**Your task**: From the first entry to the last, copy everything exactly except the pictures.

**Data**:
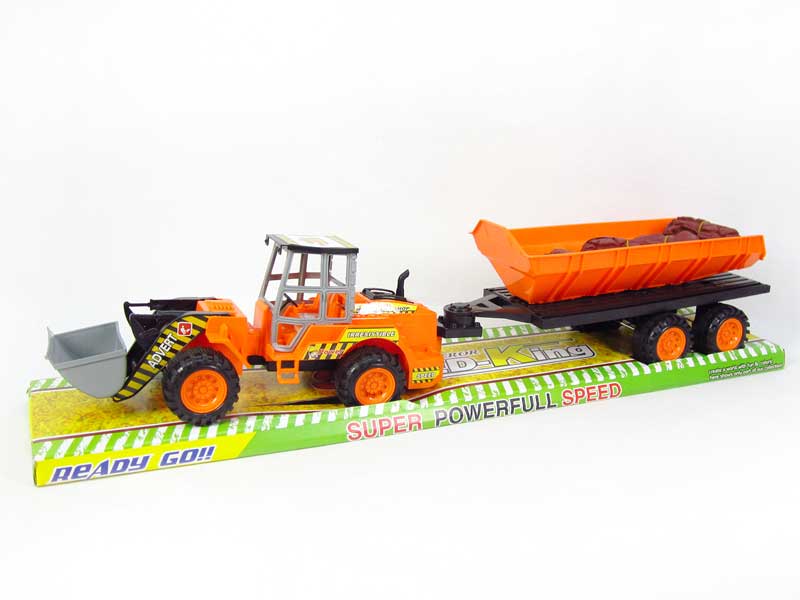 Friction Power Container toys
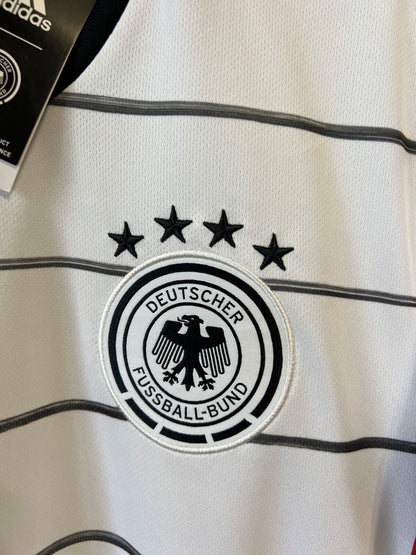 Germany Jersey 2020 Home Adidas EH6105 Mens Size M Soccer Shirt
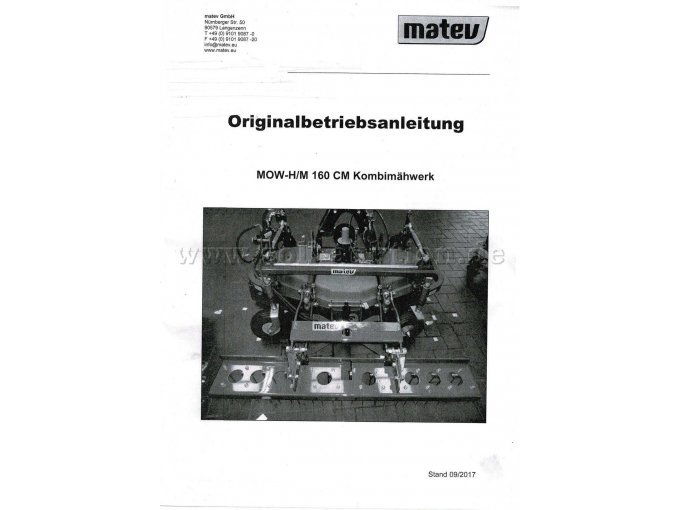 Originalbetriebsanleitung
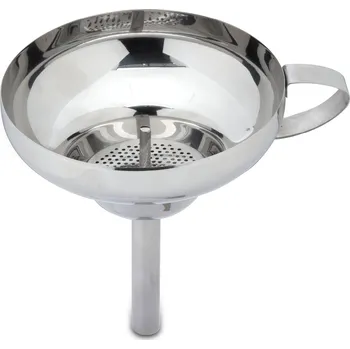 Cedník a síto WEIS Trychtýř se sítkem nerezový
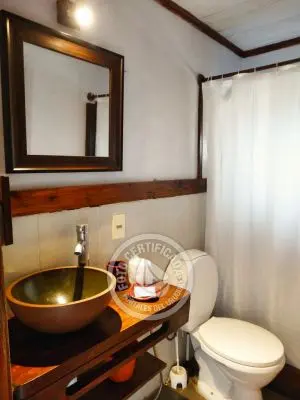 Cabaña 4 Elementos - Fuego Punta del Diablo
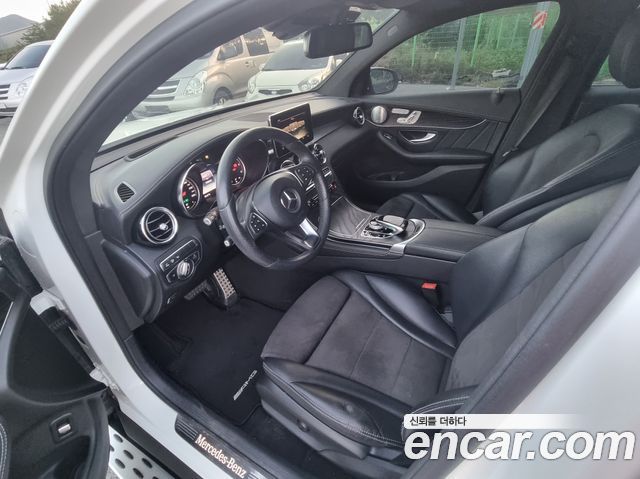 Mercedes-Benz GLC-Class (X253) GLC250 d 4MATIC Coupe 2017 — фото 16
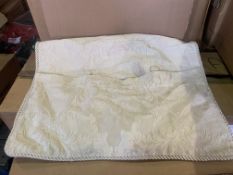 APPROX 100 X BRAND NEW USA STYLE PILLOWSHAMS 50 X 75CM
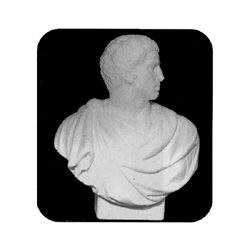 石膏デッサン 大胸像 ブルータス | ゆめ画材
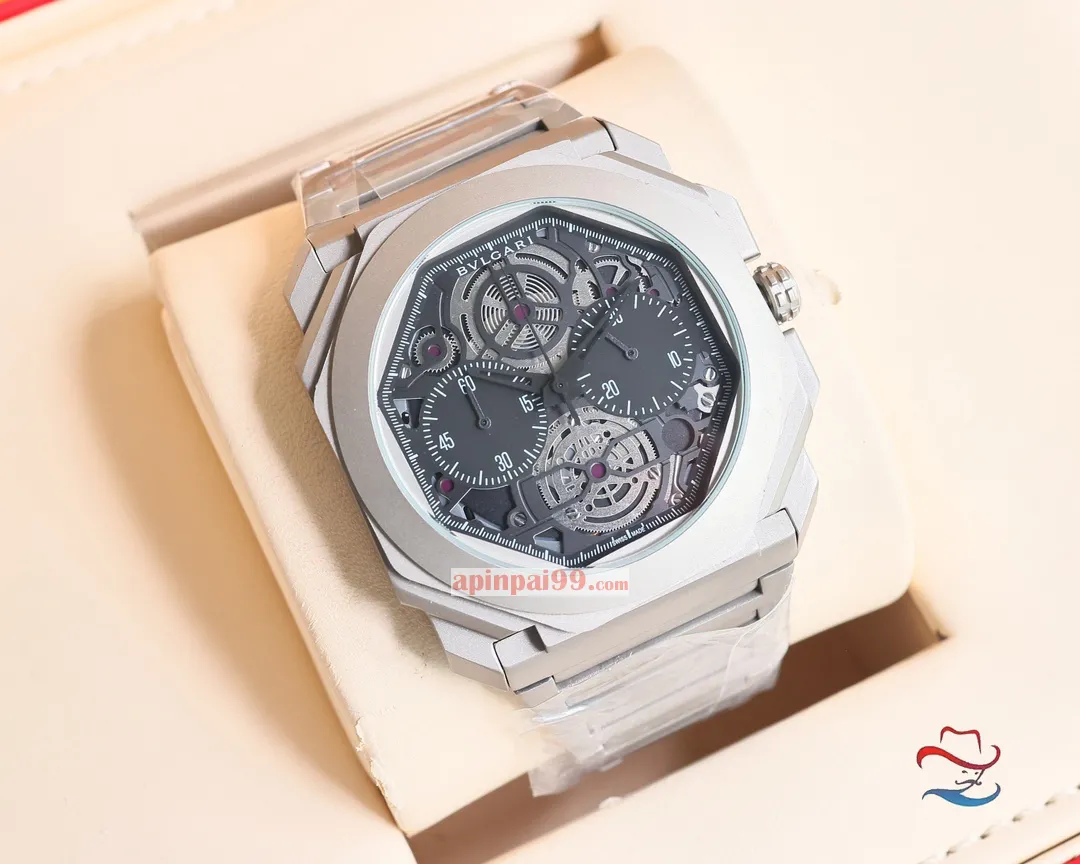 ブルガリメンズ高品質コピー腕時計 bv56789[5]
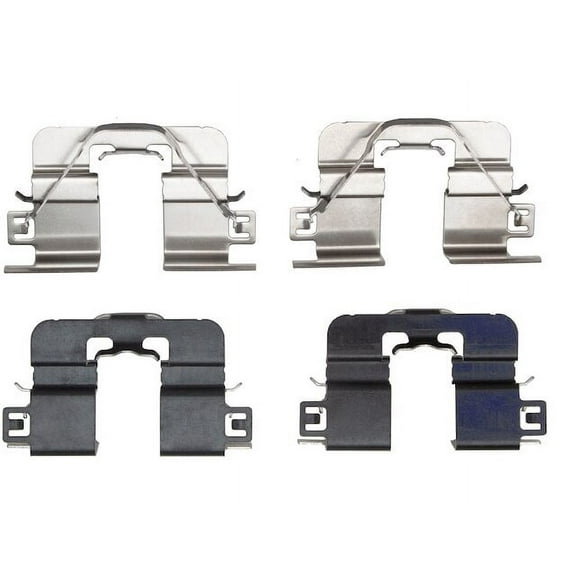 Rear Brake Hardware Kit - Compatible with 2021 - 2023 Hyundai Elantra 2022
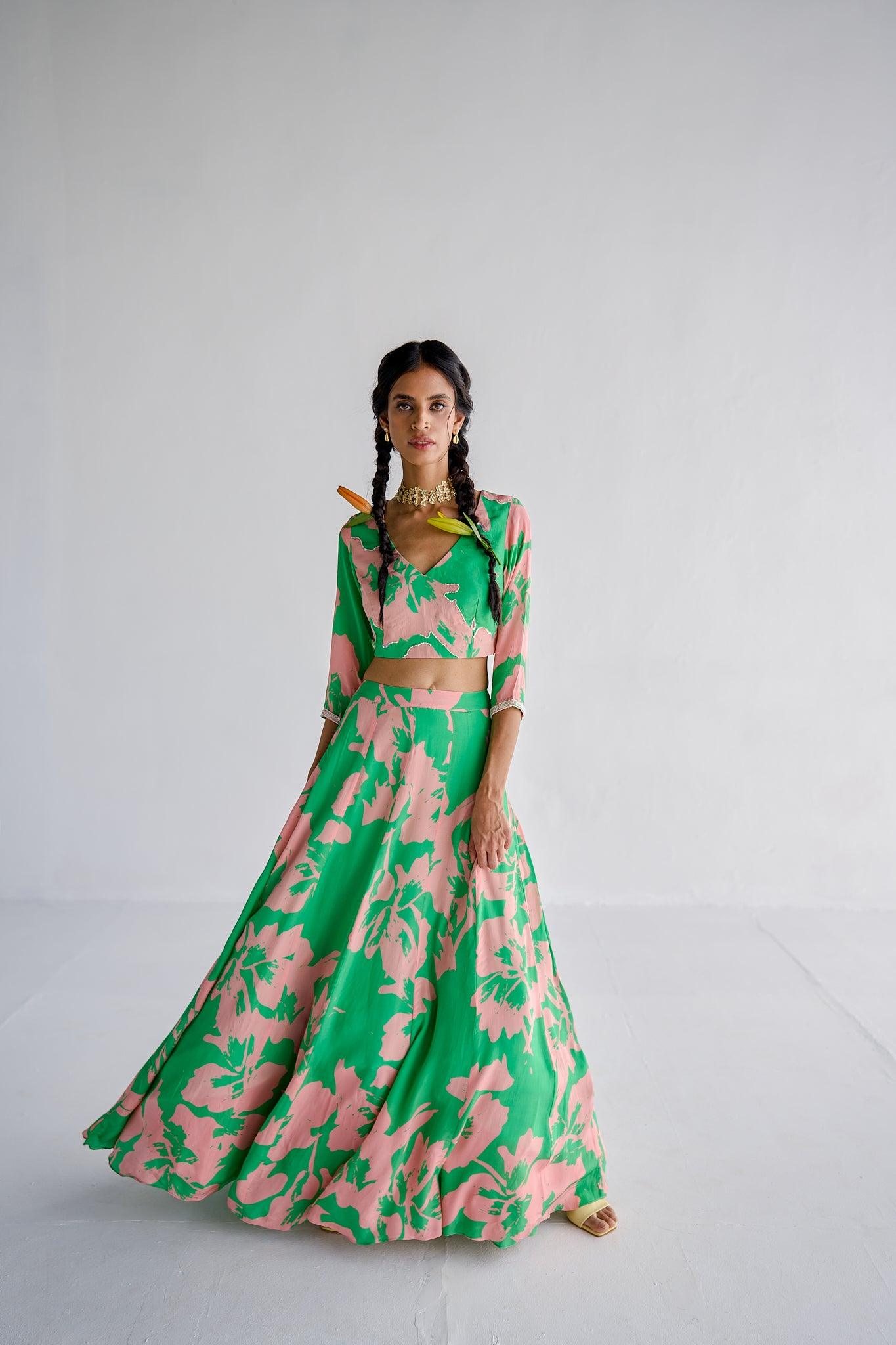 LEHENGA SET - Esha Arora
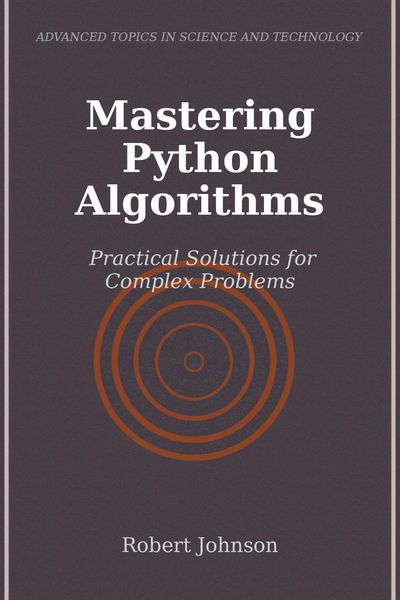 Produktbild: Mastering Python Algorithms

**Written response**:
 Friction Power Container toys
 Germany Jersey 2020 Home Adidas EH6105 Mens Size M Soccer Shirt
 Originalbetriebsanleitung
 Cedník a síto WEIS Trychtýř se sítkem nerezový
 Cabaña 4 Elementos - Fuego Punta del Diablo
 Mercedes-Benz GLC-Class (X253) GLC250 d 4MATIC Coupe 2017 — фото 16
 APPROX 100 X BRAND NEW USA STYLE PILLOWSHAMS 50 X 75CM
 石膏デッサン 大胸像 ブルータス | ゆめ画材
 ブルガリメンズ高品質コピー腕時計 bv56789[5]
 Rear Brake Hardware Kit - Compatible with 2021 - 2023 Hyundai Elantra 2022
 LEHENGA SET - Esha Arora
 Produktbild: Mastering Python Algorithms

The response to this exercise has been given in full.